Work task ->
Word for word, restate the lines from the one containing "Picture Frame, Houseplant, Window, Wood, Interior" through the last line of the material, and include no pictures.

Given information ->

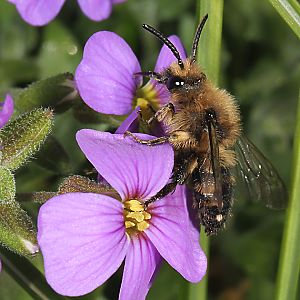 Melecta albifrons, W an Blaukissen (3)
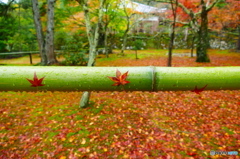 雨そして竹と紅葉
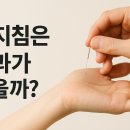 수지침 | [건강] 수지침은 효과가 있을까?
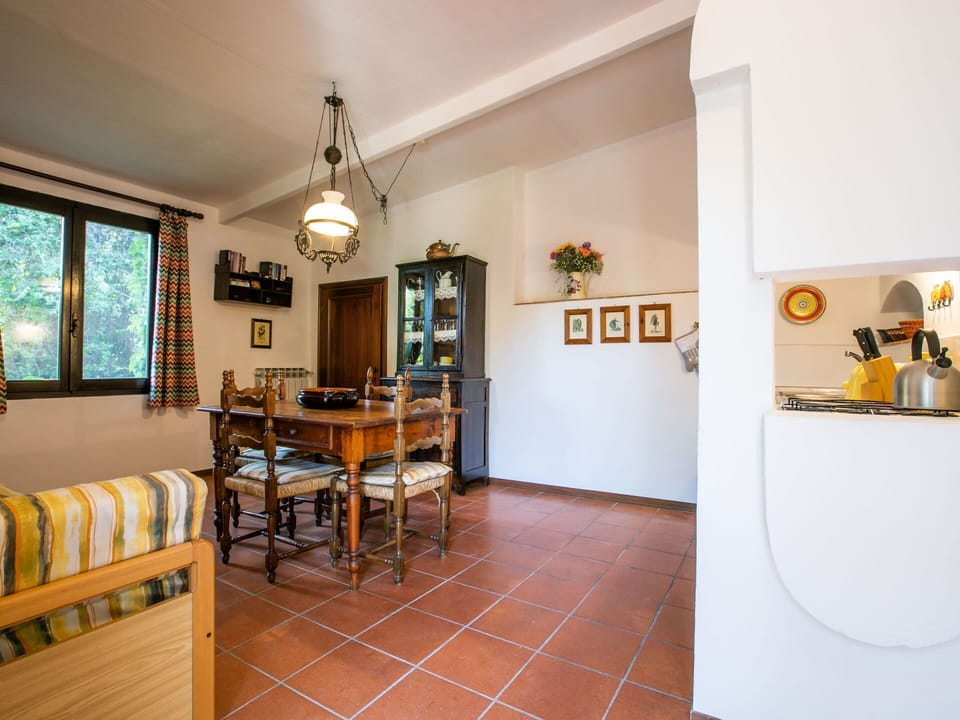 Picture Frame, Houseplant, Window, Wood, Interior Design, Building, Flooring, Wall, Floor, Table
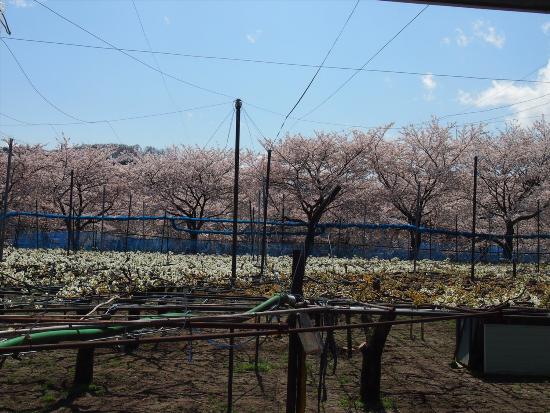 Imagen Pera Inagi y flores de cerezo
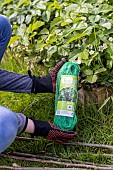 Installing a protective net against birds in a strawberry patch. France, Pas de Calais, spring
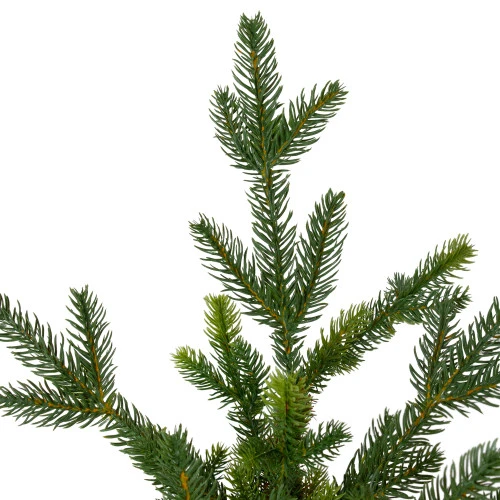 Northlight 6' Potted Noble Pine Slim Artificial Christmas Tree - Unlit 4 Northlight 6' Potted Noble Pine Slim Artificial Christmas Tree - Unlit - Image 4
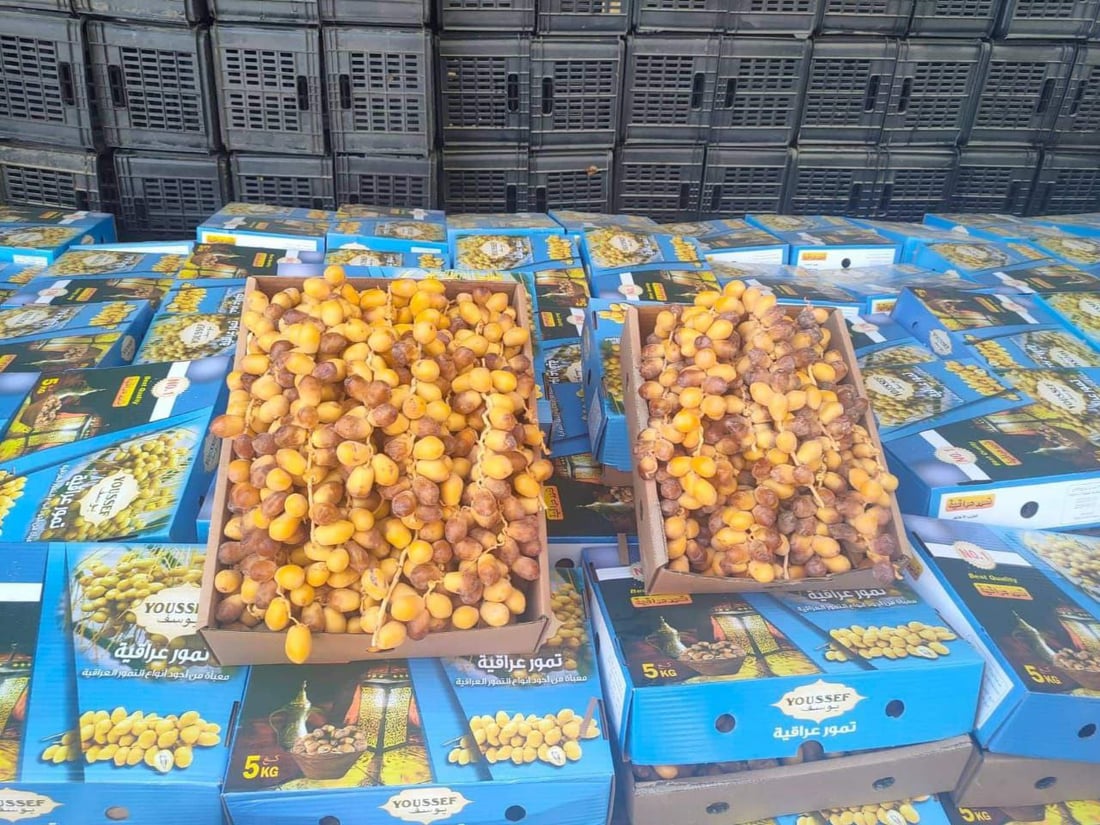ديالى: ارتفاع ملحوظ في أسعار التمور.. والمزارعون يقدمون أسبابهم (صور)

Written answer ->
 Picture Frame, Houseplant, Window, Wood, Interior Design, Building, Flooring, Wall, Floor, Table
 Imagen Pera Inagi y flores de cerezo
 Installing a protective net against birds in a strawberry patch. France, Pas de Calais, spring
 Northlight 6' Potted Noble Pine Slim Artificial Christmas Tree - Unlit 4 Northlight 6' Potted Noble Pine Slim Artificial Christmas Tree - Unlit - Image 4
ديالى: ارتفاع ملحوظ في أسعار التمور.. والمزارعون يقدمون أسبابهم (صور)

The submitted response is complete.